## “Simply calculate the resultant”

I’ve been reading through Erwin Kreyszig’s excellent Differential Geometry. The second section is all about curves in three-dimensional Euclidean space, and it includes this neat problem:

Represent the folium of Descartes and the curve $\mathbf{x}(t) = \left ( \frac{at}{t^2 + 1}, \frac{b(t^2 - 1)}{t^2 + 1}, 0 \right )$, $a,b \neq 0$, in the form (6.5).

Problem 8.5

Where the “folium of Descartes” has already been given as

$\mathbf{x}(t) = \left ( \frac{3t}{1 + t^3}, \frac{3t^2}{1 + t^3}, 0 \right )$,

and “in the form (6.5)” means that two implicit functions should be given in terms of the coordinates of $\mathbf{x}$, as in

$F(x_1, x_2, x_3) = 0$, $G(x_1, x_2, x_3) = 0$.

I had a lot of fun working on this problem, and I’d like to share my little journey here. I’m going to focus on the folium of Descartes first.

#### A First Attempt

After some naive exploration, I decided to choose a technique that was guaranteed to work: cheating. I figured that a curve which is famous enough to have a name like “the folium of Descartes” would have a Wikipedia article with the answer, and I was right.

$x_1^3 = \frac{27t^3}{(1 + t^3)^3}$

$x_2^3 = \frac{27t^6}{(1 + t^3)^3}$

$x_1^3 + x_2^3 = \frac{27(t^3 + t^6)}{(1 + t^3)^3} = \frac{27t^3(1 + t^3)}{(1 + t^3)^3} = \frac{27}{(1 + t^3)^2}$

$x_1^3 x_2^3 = \frac{9t^3}{(1 + t^3)^2}$

$F(x_1, x_2, x_3) = x_1^3 + x_2^3 - 3x_1x_2 = 0$

$G(x_1, x_2, x_3) = x_3 = 0$

At least, it was enough for me to ignore it and move on.
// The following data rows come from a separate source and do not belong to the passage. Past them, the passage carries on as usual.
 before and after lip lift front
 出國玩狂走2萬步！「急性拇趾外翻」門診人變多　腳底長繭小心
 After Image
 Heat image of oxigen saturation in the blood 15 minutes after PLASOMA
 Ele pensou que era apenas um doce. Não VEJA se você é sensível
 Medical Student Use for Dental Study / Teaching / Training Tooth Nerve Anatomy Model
The book isn’t very concerned with representations of the form (6.5), so I figured that my time was best spent elsewhere. Looking back now, I’m not sure that this “proof” is really enough. It certainly proves that $F = G = 0$ is a necessary condition for a point $(x_1, x_2, x_3)$ to be on the curve, but it doesn’t do much in the way of proving that condition to be sufficient.
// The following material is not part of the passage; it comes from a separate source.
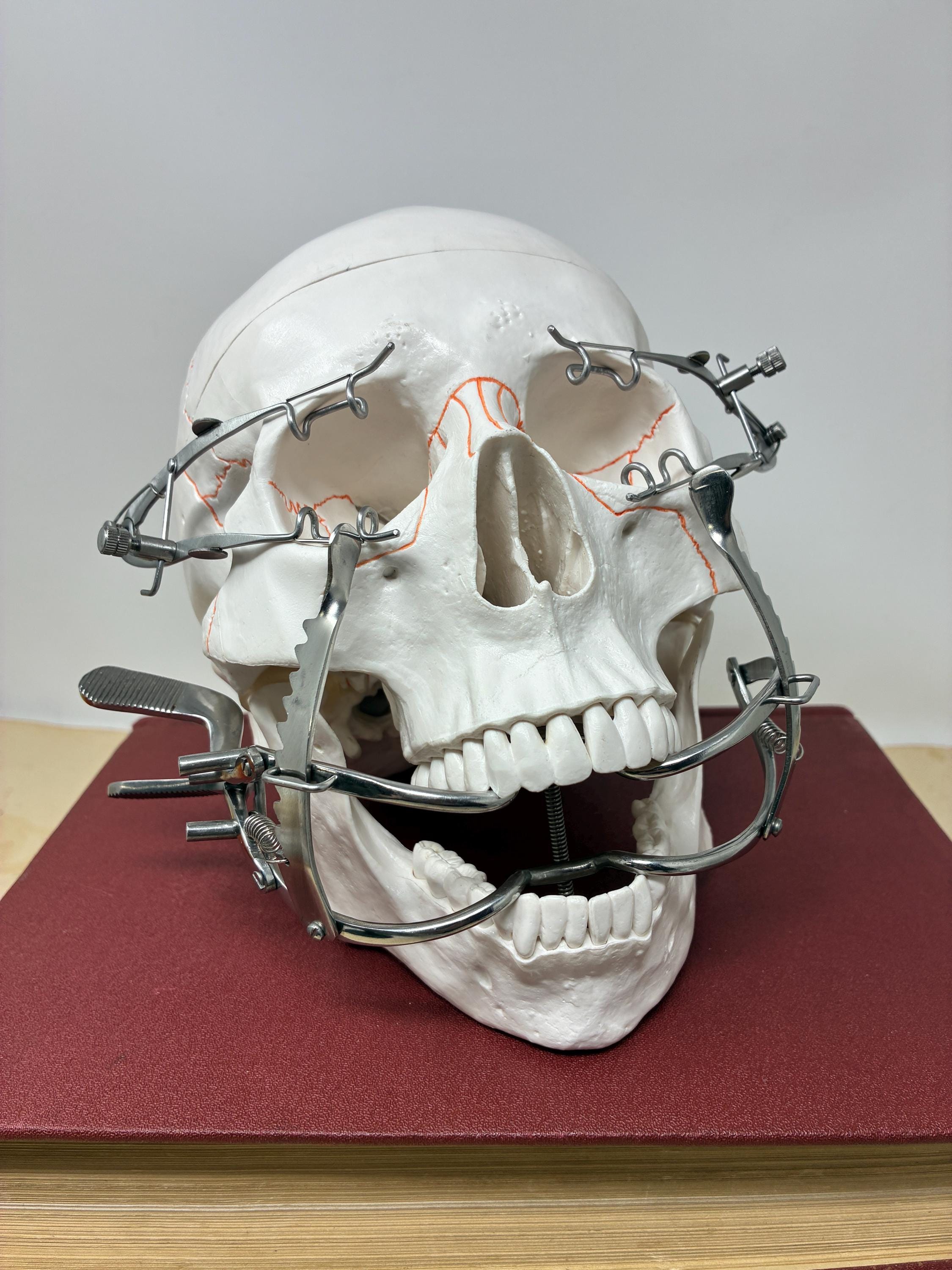 Partial denture - Etsy Schweiz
And even if this was a full proof, it would still be useless since there’s no sense of generality to it. I was only able to write it out because I looked up the answer to this particular problem.

I didn’t learn until later that Differential Geometry has very informative solutions to certain problems in the back, so I was excited to learn that a more general technique for solving Problem 8.5 was provided. Here’s the book’s solution:

We have to eliminate the parameter $t$. The functions $x_1(t)$ and $x_2(t)$ may be written in the form $F(x_1, t) = 0$ and $G(x_2, t) = 0$. If $F$ and $G$ are polynomials in $t$ we can always find the desired representation by equating to zero the resultant of these two polynomials. In the first case we obtain $x_1^3 + x_2^3 - 3x_1x_2 = 0$, $x_3 = 0$, and in the second case we find $4b^2x_1^2 + a^2x_2^2 - a^2b^2 = 0$, $x_3 = 0$.
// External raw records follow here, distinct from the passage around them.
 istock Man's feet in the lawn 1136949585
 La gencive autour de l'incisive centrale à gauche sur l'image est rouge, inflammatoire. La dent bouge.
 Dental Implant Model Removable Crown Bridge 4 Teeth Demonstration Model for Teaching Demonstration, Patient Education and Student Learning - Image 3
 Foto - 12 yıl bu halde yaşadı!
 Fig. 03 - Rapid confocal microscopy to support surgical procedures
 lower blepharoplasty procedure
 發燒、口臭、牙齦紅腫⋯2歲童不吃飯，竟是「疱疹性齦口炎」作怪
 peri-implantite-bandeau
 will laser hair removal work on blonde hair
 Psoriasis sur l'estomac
As a first thing, the $F$ and $G$ used here are not the same as in (6.5). I guess the book just likes those letters. The implicit functions as in (6.5) are given without name in this solution, at the end. I’ll be using the same notation for the rest of this. Aside from that, it seems like this should be a very simple algorithm, so let’s try to work through it, still just with the folium of Descartes.

It’s requested that we write $x_1(t)$ and $x_2(t)$ implicitly as polynomials, which is simple enough:

$x_1(t) = \frac{3t}{1 + t^3}$ becomes $F(x_1, t) = x_1t^3 - 3t + x_1 = 0$

$x_2(t) = \frac{3t^2}{1 + t^3}$ becomes $G(x_2, t) = x_2t^3 - 3t^2 + x_2 = 0$.

Then, we simply calculate the resultant of these two polynomials and set it equal to zero (I recommend that a reader consult the Wikipedia article on resultants if they want to understand why this equation corresponds to common roots of $F$ and $G$). After looking up the “resultant”, we see that it is the determinant of the “Sylvester matrix”. I’ll get more into the construction of the Sylvester matrix later, but for now I’ll just say that the Sylvester matrix of these two polynomials is

$\begin{pmatrix} x_1 & 0 & -3 & x_1 & 0 & 0 \\ 0 & x_1 & 0 & -3 & x_1 & 0 \\ 0 & 0 & x_1 & 0 & -3 & x_1 \\ x_2 & -3 & 0 & x_2 & 0 & 0 \\ 0 & x_2 & -3 & 0 & x_2 & 0 \\ 0 & 0 & x_2 & -3 & 0 & x_2 \end{pmatrix}.$

Yikes. I’ve made a solemn pact with myself that I will never calculate the determinant of a matrix of order greater than 3 by hand, so seeing this for the first time was very frightening to me.

#### How to Calculate this Resultant

Computing is for computers, and computers have been able to calculate a determinant for ages now. As an example, here’s the determinant of the 10×10 matrix with each entry equal to one, using Haskell:

ghci> import Data.Matrix
ghci> detLaplace $fromList 10 10$ repeat 1
0


That was an awful example, but it still proves my point. Imagine if that matrix wasn’t singular! This would be much more convenient than a pencil-and-paper approach. The trouble comes when we notice that this example uses a matrix whose entries are numbers, while the matrix we’re interested in has more complicated entries. Haskell supports a wide variety of data types, so we should be able to continue with a computer-based approach if we look very carefully at what our entries are.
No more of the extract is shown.